* [Your task] A stretch of the entries below is to be set down exactly, running from the line with "Klassisk dørstopper i" through the line with "giyimmasalı Atlas Fabric", both included, and no other line.

* [Extracted records]

- - - -

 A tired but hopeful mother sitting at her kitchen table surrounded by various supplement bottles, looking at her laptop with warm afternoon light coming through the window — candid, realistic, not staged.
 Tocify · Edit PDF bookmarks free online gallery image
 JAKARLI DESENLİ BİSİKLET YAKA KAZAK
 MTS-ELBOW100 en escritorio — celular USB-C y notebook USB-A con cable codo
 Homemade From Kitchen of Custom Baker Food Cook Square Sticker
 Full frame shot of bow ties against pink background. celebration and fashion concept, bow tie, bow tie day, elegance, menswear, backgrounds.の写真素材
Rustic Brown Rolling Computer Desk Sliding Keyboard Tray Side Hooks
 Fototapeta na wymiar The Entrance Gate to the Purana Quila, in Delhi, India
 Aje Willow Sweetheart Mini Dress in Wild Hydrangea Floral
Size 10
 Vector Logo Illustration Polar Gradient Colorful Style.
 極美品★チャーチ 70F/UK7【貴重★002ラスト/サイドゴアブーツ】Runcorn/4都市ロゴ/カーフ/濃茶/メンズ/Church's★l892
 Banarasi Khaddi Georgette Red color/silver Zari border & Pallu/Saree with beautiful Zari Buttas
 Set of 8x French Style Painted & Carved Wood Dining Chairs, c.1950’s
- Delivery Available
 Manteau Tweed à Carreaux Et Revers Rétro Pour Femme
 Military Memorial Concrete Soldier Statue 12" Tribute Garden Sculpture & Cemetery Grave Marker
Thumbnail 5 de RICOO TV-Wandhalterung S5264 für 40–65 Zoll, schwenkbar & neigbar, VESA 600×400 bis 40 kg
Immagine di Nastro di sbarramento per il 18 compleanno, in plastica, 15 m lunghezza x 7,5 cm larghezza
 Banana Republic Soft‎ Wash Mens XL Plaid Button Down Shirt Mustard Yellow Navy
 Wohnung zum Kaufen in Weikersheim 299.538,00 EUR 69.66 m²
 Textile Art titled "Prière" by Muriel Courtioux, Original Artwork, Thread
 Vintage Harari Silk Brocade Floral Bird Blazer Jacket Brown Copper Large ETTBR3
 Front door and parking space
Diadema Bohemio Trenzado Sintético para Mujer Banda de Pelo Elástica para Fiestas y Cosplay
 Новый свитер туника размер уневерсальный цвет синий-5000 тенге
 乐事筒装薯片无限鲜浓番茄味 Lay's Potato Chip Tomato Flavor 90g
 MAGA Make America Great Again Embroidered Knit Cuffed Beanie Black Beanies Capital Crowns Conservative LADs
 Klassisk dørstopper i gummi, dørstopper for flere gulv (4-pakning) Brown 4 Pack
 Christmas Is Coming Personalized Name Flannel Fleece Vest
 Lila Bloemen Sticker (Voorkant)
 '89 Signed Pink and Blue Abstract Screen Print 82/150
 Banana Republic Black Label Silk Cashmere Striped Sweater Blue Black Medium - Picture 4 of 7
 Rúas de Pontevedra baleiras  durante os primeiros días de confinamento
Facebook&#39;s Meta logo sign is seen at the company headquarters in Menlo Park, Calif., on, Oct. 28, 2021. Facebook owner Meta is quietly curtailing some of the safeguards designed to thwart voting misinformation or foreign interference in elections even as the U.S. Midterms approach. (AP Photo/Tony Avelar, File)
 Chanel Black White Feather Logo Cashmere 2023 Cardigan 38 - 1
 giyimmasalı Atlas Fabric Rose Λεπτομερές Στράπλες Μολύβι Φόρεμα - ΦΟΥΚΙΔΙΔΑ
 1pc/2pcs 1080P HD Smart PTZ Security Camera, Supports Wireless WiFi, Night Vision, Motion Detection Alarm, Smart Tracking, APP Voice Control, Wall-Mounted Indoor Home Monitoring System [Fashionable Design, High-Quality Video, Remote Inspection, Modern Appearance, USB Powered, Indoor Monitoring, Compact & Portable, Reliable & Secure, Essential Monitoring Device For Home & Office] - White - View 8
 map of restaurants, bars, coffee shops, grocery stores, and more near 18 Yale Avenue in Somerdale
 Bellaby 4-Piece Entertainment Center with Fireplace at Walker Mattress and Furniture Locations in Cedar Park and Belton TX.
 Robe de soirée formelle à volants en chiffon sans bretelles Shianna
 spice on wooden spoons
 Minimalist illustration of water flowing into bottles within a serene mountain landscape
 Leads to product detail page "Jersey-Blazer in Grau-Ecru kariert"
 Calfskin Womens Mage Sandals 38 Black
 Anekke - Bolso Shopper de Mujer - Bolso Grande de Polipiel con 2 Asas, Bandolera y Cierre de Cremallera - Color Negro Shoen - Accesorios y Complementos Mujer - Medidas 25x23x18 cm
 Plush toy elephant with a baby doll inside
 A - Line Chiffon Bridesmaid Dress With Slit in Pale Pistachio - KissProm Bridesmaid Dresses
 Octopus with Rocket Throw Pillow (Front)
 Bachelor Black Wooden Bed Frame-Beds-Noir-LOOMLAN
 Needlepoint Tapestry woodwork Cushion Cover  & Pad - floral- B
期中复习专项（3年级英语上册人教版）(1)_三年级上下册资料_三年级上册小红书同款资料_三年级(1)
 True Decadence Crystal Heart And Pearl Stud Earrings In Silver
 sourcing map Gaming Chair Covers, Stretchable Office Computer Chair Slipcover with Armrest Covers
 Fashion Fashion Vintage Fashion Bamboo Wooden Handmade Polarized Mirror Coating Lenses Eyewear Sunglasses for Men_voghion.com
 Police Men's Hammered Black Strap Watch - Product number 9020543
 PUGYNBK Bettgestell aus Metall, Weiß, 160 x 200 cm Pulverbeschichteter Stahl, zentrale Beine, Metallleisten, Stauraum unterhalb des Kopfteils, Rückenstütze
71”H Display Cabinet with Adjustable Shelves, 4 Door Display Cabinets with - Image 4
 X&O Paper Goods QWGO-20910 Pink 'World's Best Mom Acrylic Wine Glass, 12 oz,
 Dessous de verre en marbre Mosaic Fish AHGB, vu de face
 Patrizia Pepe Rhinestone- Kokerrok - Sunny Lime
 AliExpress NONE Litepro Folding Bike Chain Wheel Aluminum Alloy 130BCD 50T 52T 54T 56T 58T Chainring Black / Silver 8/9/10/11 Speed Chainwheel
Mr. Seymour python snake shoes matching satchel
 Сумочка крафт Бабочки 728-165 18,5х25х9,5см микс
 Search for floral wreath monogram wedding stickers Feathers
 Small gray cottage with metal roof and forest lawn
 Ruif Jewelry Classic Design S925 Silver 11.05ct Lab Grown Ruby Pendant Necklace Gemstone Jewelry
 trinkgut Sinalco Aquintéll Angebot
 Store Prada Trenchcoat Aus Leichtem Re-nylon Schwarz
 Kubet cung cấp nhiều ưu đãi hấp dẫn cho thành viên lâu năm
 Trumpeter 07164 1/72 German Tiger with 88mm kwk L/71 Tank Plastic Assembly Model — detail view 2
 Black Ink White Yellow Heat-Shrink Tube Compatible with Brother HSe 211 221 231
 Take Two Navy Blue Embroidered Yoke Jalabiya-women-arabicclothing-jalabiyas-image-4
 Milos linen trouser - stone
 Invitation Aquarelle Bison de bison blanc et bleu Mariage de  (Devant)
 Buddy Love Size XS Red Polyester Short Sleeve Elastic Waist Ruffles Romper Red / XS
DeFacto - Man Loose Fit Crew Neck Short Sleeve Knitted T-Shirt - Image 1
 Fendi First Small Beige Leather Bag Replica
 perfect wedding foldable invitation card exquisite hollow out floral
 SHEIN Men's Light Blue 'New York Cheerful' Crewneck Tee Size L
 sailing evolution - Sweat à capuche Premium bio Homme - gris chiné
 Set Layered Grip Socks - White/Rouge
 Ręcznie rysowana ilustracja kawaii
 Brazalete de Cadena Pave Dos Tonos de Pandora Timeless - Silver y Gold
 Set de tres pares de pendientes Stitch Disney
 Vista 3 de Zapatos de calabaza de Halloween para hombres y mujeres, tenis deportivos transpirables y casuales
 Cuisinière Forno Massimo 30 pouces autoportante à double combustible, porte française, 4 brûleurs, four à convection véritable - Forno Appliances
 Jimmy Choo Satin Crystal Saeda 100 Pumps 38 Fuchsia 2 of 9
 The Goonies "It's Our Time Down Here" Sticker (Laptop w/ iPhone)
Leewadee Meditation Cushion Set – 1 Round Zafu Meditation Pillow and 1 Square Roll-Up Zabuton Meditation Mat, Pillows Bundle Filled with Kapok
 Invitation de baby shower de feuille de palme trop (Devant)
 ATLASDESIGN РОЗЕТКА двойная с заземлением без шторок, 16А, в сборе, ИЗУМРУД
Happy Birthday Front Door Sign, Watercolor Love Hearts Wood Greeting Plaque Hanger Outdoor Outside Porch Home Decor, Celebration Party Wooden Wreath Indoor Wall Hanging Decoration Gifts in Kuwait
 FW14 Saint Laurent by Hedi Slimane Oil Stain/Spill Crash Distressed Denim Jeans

- - - -

* [Response to this task]
 Klassisk dørstopper i gummi, dørstopper for flere gulv (4-pakning) Brown 4 Pack
 Christmas Is Coming Personalized Name Flannel Fleece Vest
 Lila Bloemen Sticker (Voorkant)
 '89 Signed Pink and Blue Abstract Screen Print 82/150
 Banana Republic Black Label Silk Cashmere Striped Sweater Blue Black Medium - Picture 4 of 7
 Rúas de Pontevedra baleiras  durante os primeiros días de confinamento
Facebook&#39;s Meta logo sign is seen at the company headquarters in Menlo Park, Calif., on, Oct. 28, 2021. Facebook owner Meta is quietly curtailing some of the safeguards designed to thwart voting misinformation or foreign interference in elections even as the U.S. Midterms approach. (AP Photo/Tony Avelar, File)
 Chanel Black White Feather Logo Cashmere 2023 Cardigan 38 - 1
 giyimmasalı Atlas Fabric Rose Λεπτομερές Στράπλες Μολύβι Φόρεμα - ΦΟΥΚΙΔΙΔΑ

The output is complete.